Introduce "Dead Letter Handlers" allowing interception of failures to handle/ignore them

jbaiera commented 7 years ago

ES-Hadoop is a project that often embraces the fail-fast mantra, that exceptions and errors are often exceptional circumstances that need direct user interaction to fix and should not be ignored. This works great for batch jobs that are idempotent and easy to re-run, but the Hadoop ecosystem has since moved on to streaming applications being just as common as batch with patterns like lambda architecture and near-realtime processing.

As such, users are finding it difficult to use the connector as every time the connector experiences a non-recoverable exception such as in serializing malformed data, or data that is rejected by Elasticsearch under consistency guarantees.

We want to implement something close to Logstash's Dead Letter Queues, but persisting bad data can be a challenge when working on a distributed system like Hadoop. Logstash's Dead Letter Queues takes advantage of Logstash's internal binary formats and the fact that they are installed on a system with a (often) non-ephemeral filesystem. ES-Hadoop has no such internal binary format, opting to use each integration's data abstraction, and supports a plethora of integrations where HDFS or some other persistent storage is not always guaranteed to be available.

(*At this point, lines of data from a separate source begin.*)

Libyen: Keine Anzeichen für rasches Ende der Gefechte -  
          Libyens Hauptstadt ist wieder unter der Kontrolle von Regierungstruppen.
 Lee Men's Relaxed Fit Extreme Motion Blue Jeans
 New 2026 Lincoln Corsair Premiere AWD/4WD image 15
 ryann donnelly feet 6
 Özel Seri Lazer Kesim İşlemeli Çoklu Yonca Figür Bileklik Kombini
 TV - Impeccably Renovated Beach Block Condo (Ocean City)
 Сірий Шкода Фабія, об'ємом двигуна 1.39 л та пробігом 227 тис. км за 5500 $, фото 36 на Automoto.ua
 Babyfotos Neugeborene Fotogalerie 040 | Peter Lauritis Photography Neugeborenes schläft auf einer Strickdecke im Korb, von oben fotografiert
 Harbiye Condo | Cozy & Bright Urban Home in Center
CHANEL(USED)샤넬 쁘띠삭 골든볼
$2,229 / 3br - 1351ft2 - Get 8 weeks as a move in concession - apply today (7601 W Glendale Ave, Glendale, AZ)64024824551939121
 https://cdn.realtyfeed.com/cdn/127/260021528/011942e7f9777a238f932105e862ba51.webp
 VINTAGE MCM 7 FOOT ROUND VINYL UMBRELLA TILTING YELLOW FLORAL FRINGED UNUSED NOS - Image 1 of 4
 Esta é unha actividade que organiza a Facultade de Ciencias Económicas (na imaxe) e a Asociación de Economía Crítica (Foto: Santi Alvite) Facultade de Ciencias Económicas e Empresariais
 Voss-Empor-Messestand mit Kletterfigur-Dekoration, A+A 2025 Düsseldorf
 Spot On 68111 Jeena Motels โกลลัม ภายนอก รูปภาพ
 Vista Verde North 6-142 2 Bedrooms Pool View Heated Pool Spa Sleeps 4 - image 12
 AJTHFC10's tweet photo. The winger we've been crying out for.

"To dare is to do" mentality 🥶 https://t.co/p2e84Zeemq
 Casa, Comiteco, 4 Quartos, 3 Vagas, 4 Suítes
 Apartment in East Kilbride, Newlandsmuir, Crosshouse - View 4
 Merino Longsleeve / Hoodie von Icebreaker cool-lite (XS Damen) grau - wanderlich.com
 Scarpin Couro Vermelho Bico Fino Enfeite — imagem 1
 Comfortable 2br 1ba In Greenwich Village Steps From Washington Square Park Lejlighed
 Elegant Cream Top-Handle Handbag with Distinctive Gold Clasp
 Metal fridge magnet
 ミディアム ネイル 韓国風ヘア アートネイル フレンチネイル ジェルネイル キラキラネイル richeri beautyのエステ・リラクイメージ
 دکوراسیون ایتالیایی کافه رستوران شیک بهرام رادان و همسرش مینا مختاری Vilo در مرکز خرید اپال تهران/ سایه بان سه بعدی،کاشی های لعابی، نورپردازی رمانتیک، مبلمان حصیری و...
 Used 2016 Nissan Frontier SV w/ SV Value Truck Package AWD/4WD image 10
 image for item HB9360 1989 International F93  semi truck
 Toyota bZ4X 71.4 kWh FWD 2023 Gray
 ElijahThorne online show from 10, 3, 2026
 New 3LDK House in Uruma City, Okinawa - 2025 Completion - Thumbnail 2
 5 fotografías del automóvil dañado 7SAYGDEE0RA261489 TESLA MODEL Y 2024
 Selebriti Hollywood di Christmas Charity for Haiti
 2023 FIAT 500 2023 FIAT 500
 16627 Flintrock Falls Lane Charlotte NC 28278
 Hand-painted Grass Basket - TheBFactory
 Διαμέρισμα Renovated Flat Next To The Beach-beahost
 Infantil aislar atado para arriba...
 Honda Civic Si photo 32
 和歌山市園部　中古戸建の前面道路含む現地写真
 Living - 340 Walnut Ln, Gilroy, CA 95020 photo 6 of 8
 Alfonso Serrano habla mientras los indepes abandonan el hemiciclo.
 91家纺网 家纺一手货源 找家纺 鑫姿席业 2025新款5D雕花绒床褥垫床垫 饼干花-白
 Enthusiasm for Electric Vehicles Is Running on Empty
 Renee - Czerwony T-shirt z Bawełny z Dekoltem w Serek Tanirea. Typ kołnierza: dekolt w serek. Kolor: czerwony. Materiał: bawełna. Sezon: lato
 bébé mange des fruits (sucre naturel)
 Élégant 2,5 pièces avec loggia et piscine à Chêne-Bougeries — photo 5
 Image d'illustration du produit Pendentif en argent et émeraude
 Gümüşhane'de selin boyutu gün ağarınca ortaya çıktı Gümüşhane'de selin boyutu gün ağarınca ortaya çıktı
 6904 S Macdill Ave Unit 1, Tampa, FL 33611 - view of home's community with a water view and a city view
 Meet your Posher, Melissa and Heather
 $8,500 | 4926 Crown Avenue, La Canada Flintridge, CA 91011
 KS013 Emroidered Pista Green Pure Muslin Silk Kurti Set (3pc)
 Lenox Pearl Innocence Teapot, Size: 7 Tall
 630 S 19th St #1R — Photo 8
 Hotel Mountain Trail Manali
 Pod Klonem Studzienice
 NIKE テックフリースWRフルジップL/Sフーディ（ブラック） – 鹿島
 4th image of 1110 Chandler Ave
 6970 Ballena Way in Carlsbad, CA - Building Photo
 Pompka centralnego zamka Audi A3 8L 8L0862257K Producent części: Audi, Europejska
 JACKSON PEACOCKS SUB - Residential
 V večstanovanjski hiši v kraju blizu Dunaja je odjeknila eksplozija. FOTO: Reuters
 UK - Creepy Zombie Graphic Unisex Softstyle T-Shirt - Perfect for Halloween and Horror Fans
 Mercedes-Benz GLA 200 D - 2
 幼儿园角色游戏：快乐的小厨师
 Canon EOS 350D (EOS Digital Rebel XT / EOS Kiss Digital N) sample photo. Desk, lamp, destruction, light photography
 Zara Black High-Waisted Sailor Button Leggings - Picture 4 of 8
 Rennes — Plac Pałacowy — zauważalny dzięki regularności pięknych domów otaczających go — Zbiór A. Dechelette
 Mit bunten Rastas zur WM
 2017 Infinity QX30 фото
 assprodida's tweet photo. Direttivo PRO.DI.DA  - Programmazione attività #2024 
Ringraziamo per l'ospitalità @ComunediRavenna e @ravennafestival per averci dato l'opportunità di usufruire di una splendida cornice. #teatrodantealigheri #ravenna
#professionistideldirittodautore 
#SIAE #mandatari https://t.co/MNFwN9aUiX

We are planning instead to implement something like a "Dead Letter Handler" instead of queue. Users would be able to implement interfaces for certain classes of errors or certain critical sections within the connector. These handlers would allow users to provide implementations that decide the connector's actions when potentially recoverable error states pertaining to data are encountered. Users would register the handlers with the connector by implementation name, and the connector will instantiate and configure the handlers at start up by means of reflection or SPI.

The project will also provide out of the box implementations of these handlers to cover the most common use cases, such as Ignore errors and log them, Ignore all errors, and the existing behavior raise all exceptions.

Users that wish to gain something similar to the Logstash Dead Letter Queue, would be able to implement their own handlers to persist the troubled data, such as sending it to HDFS, storing it in a queuing system like Kafka, or storing it on the local filesystem for example.

dmarkhas commented 7 years ago

This is a good idea, but looking at all referenced pull requests they are all requesting a specific, rather simple, capability of ignoring specific HTTP response codes. Is it not possible to implement this feature first as a short-term solution until the proposed error handlers are implemented?

jbaiera commented 7 years ago

@dmarkhas Thanks for your input here. We're apprehensive toward introducing a short term solution that would need to be very quickly deprecated and replaced when this solution arrives.

While the above linked PR's are on their own centered around ignoring HTTP responses, there have been other discussions in the community around other problems like serialization issues killing streaming processes, and the desire to increase control over handling data related exceptions.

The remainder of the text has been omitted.